[Records supplied Boundary: Start]
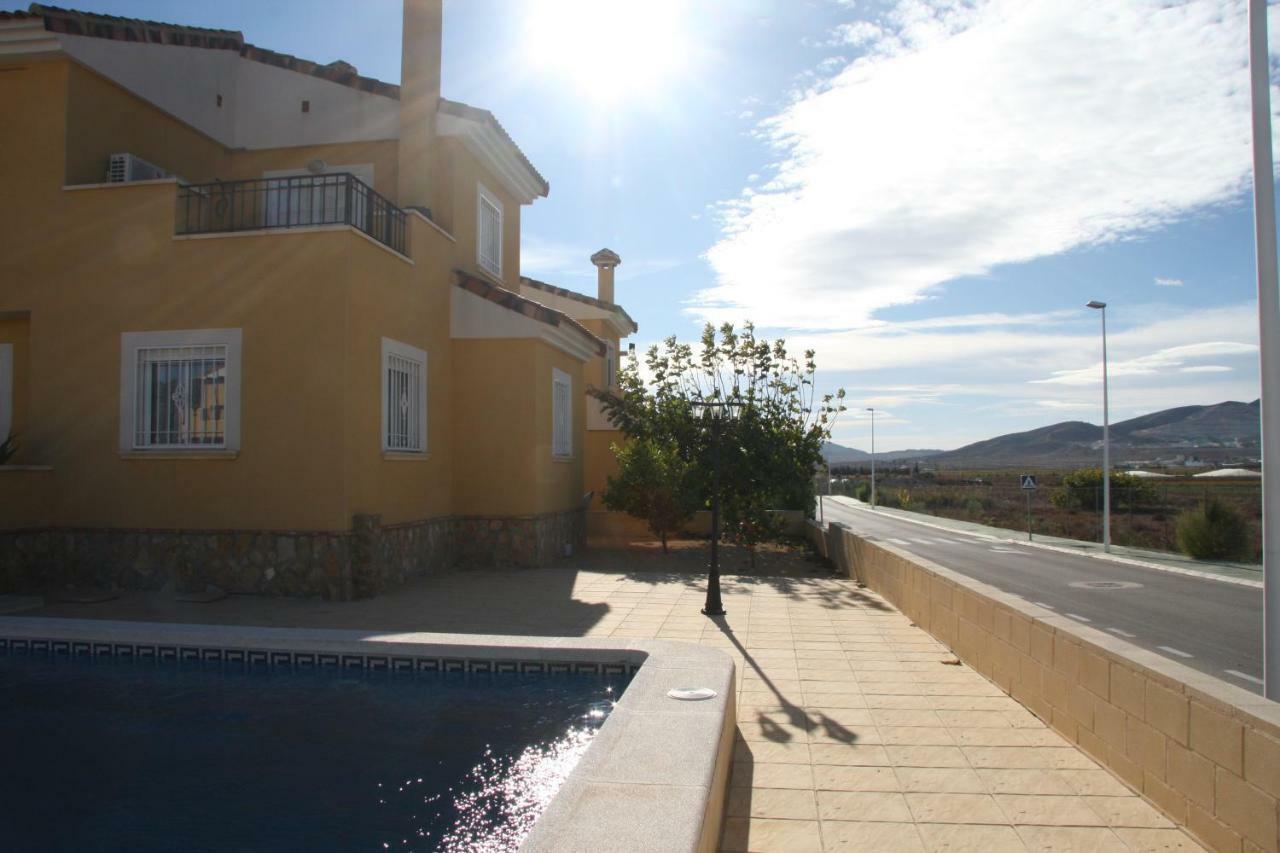 Hondon-Villa Hondón de las Nieves Eksteriør bilde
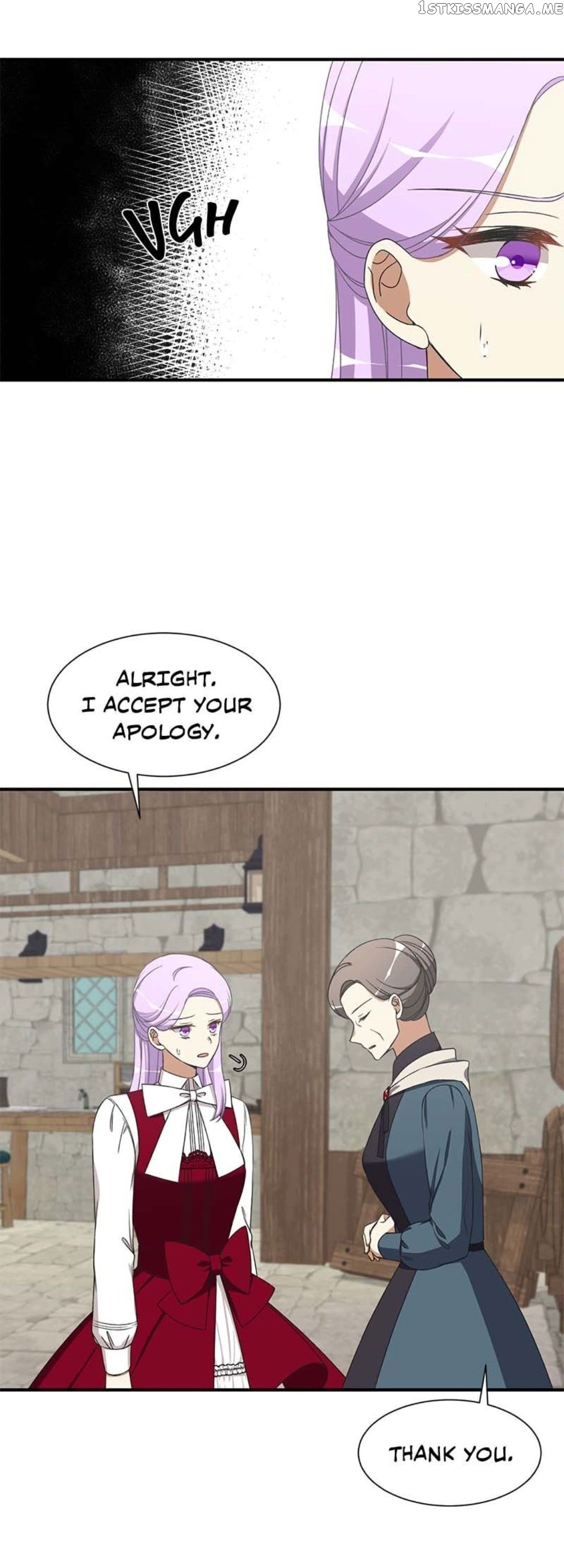 I Saved The Cursed Duke chapter 15 - page 12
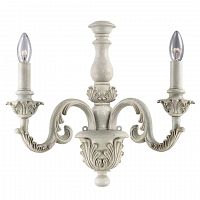 бра ideal lux giglio ap2 bianco в Сыктывкаре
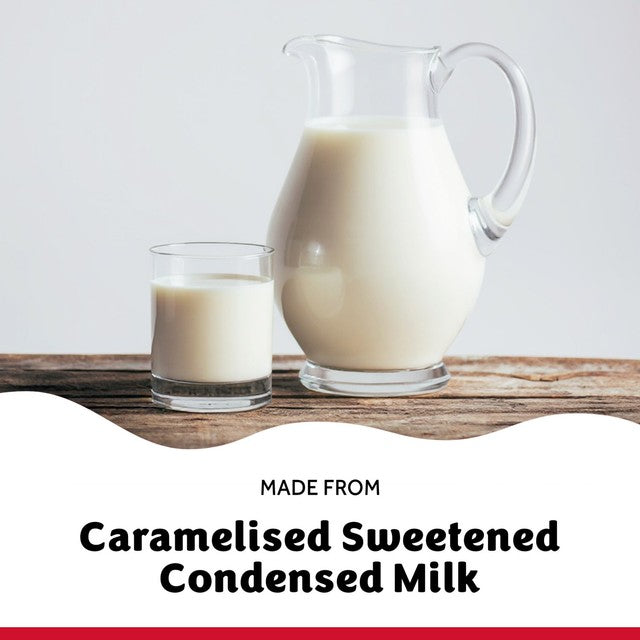 Carnation Caramel Drizzle 450g bottle - British product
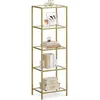 Image de Vasagle, Étagère, Luis X (40 x 30 x 124,5 cm)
[Records supplied Boundary: End]
** Instructions to follow **
For this exercise, retype exactly, and only, the lines from the line with "I Saved The Cursed Duke chapter 15 - page 12" through the last line of the material above, both included. Pictures stay out.

** Answer for this exercise **
 I Saved The Cursed Duke chapter 15 - page 12
 бра ideal lux giglio ap2 bianco в Сыктывкаре
 Carnation Caramel Drizzle 450g bottle - British product
 Image de Vasagle, Étagère, Luis X (40 x 30 x 124,5 cm)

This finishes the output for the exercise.